Die Zukunft der Demokratie durch einen neuen Integrationsbegriff und dem Entwurf eines neuen Gesellschaftsvertrages sichern – das ist ein weiteres wie konstituierendes Element handlungsfähiger Staaten.

Inhalte müssen sich aber mit Strategie verbinden – sonst nützt die schönste Debatte und Positionierung nichts – bliebe sie doch hohle Theorie. Es gilt, aus all den hier nur angerissenen Debatten eine neue Bündnisfähigkeit der SPD zu schaffen.

Denn die Kernfrage bleibt doch: Mit wem wollen wir was umsetzen? Die SPD muss dafür zweierlei schaffen. Sie muss erstens Plattform für aktuelle gesellschaftliche Diskussionen werden, dabei aber stets sozialdemokratische Antworten auf die Debatten geben – und eben nicht beliebig werden.

Plattform sein, heißt: Die Debatten in den Gewerkschaften, in der Wissenschaft und Forschung, aber auch in den neuen sozialen Bewegungen zusammenbinden zu einer linken, progressiven Politik. Das, was dort läuft in Medien, Wissenschaft und Gesellschaft muss in den Mittelpunkt der Arbeit der SPD – aber die SPD muss auch den Mut zum Anschub und zur führenden Rolle in den Debatten haben. In bestimmten Zeiten der Republik klärten sich Fragen der deutschen Politik auf SPD-Bundesparteitagen. Das kann wieder sein!

Dabei müssen wir bei aller theoretischen Stärke auch beachten, dass es nicht nur auf Parteitagen um eine tragfähige Mehrheit gehen kann – es braucht nicht zuletzt die breite gesellschaftliche Zustimmung über die zersplitterten Wählerschaften hinweg als neues bindendes Element für einen notwendigen Wahlerfolg.

Die SPD muss dadurch zweitens der spannendste Ankerpunkt einer neuen Mehrheit in diesem Land sein!

In seinem jüngst veröffentlichten Artikel Wie die Erneuerung der SPD gelingt bringt es Johano Strasser auf den Punkt: „Die Zwecke wieder höher schätzen als die Mittel. Das ist es, was Sozialdemokraten wieder lernen müssen, das ist auch der Kern dessen, was eine gründliche Erneuerung der Partei zu leisten hätte.

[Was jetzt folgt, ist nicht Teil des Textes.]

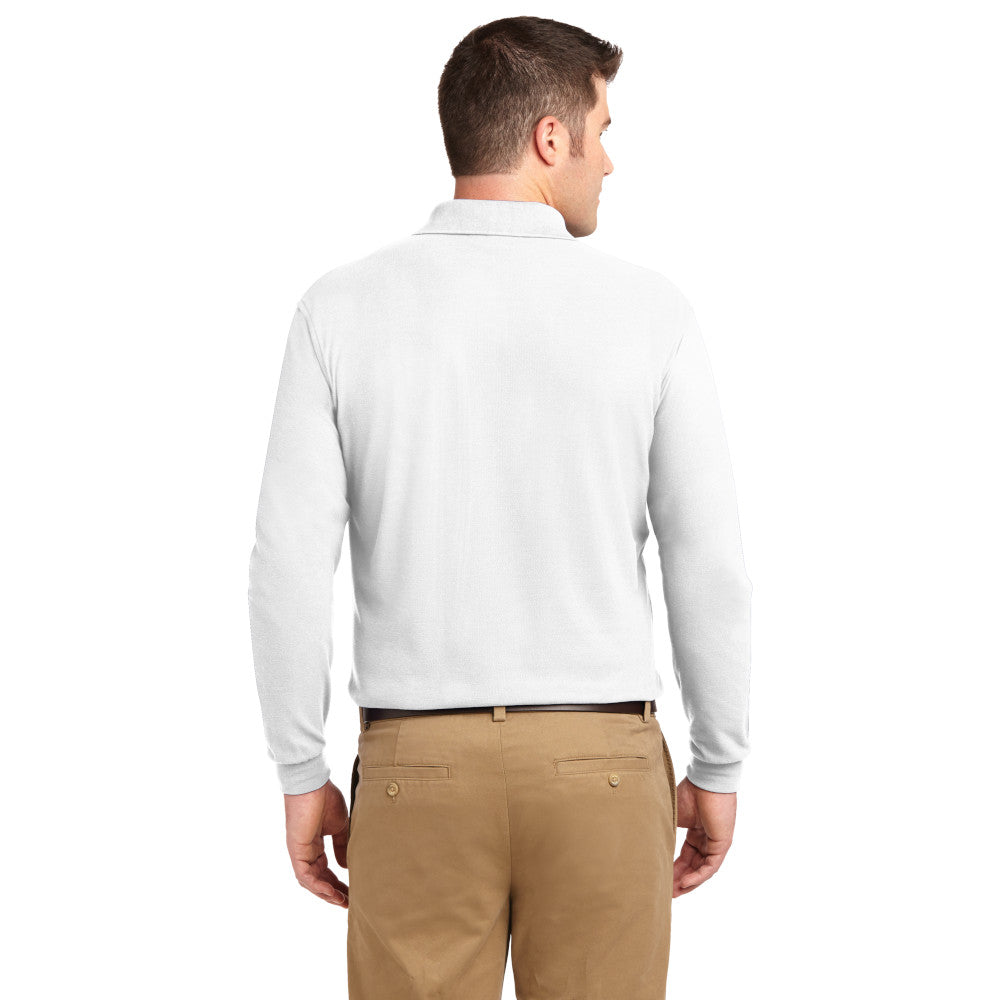 Port Authority® Silk Touch™ Long Sleeve Polo - White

Sich nicht einreden lassen, dass ohne Wachstum gar nichts geht, nicht alles und jedes, was die Cleverles in Silicon Valley uns als glänzende Zukunft präsentieren, ungeprüft als Fortschritt akzeptieren, sich nicht einreden lassen, die Globalisierung, wie sie ist, sei nun einmal die Globalisierung und basta! Die Sozialdemokraten, nicht nur in Deutschland, sondern überall in Europa und in der Welt, müssen sich endlich aus der Sklaverei durch Mittel befreien, die sich zu Zwecken aufgeworfen haben, damit sie nicht aus den Augen verlieren, wofür sie eigentlich Politik machen sollten.“

Daher gilt es: Zeit gewinnen, sich Zeit nehmen für die Debatten, mutig und zuversichtlich sein. Traurige Gesichter, Angsthasen und Miesepeter ohne Idee werden nicht gewählt. Das wird nicht die Lösung sein. Stattdessen: Mit uns zieht die neue Zeit! Vision und Verantwortung schließen sich nicht aus – sie ergänzen sich.